> _Action item_
Copy the records below exactly, starting at the line that contains "Photo of Bathroom in Sojuela" and ending at the line that contains "149 Adelaide Ave, Providence, RI 02907"; leave out any pictures.

> _Dataset content_
● ● ●
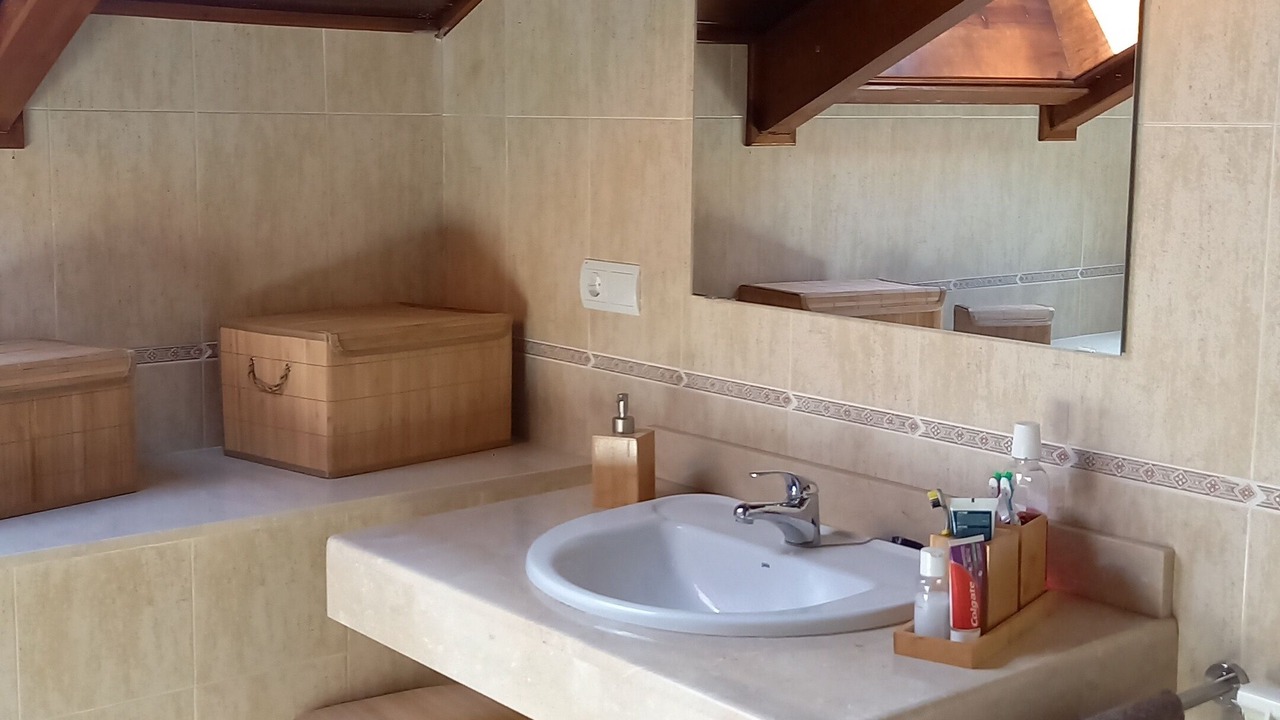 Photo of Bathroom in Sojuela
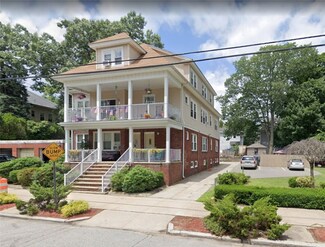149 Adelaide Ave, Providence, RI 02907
● ● ●
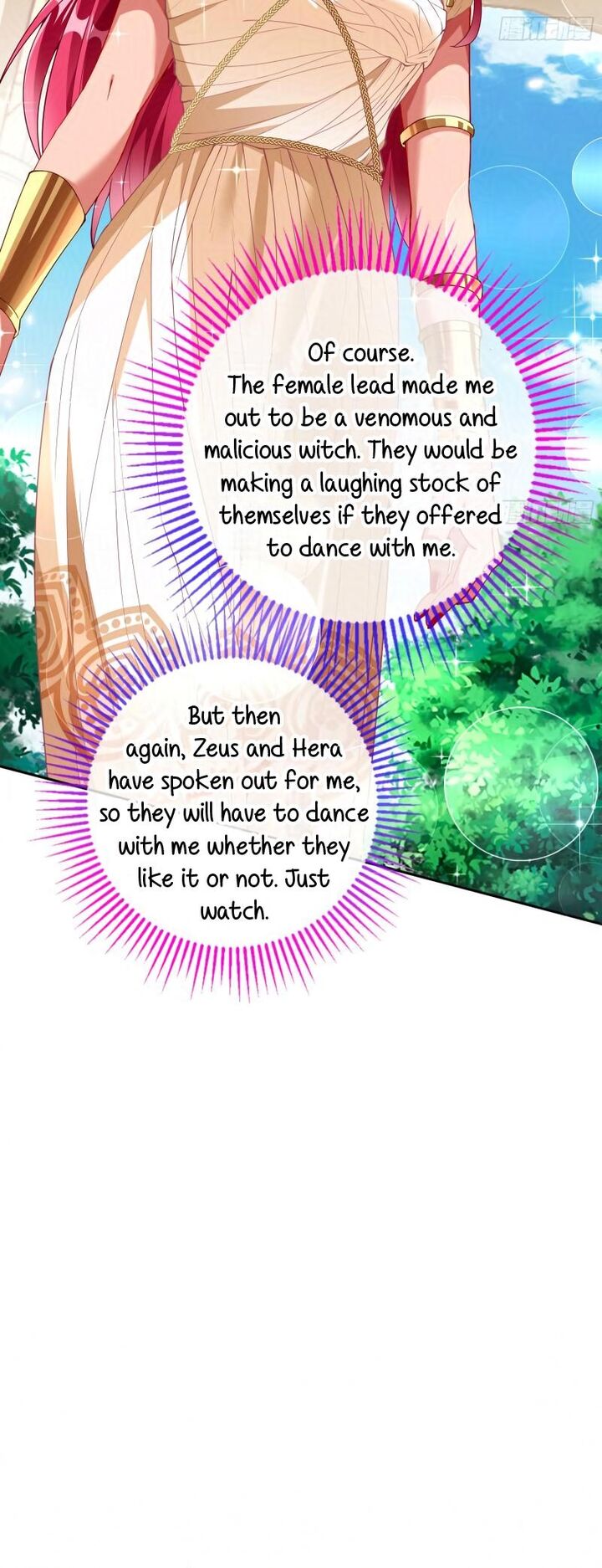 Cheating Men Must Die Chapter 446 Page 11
● ● ●
> _Result_
 Photo of Bathroom in Sojuela
149 Adelaide Ave, Providence, RI 02907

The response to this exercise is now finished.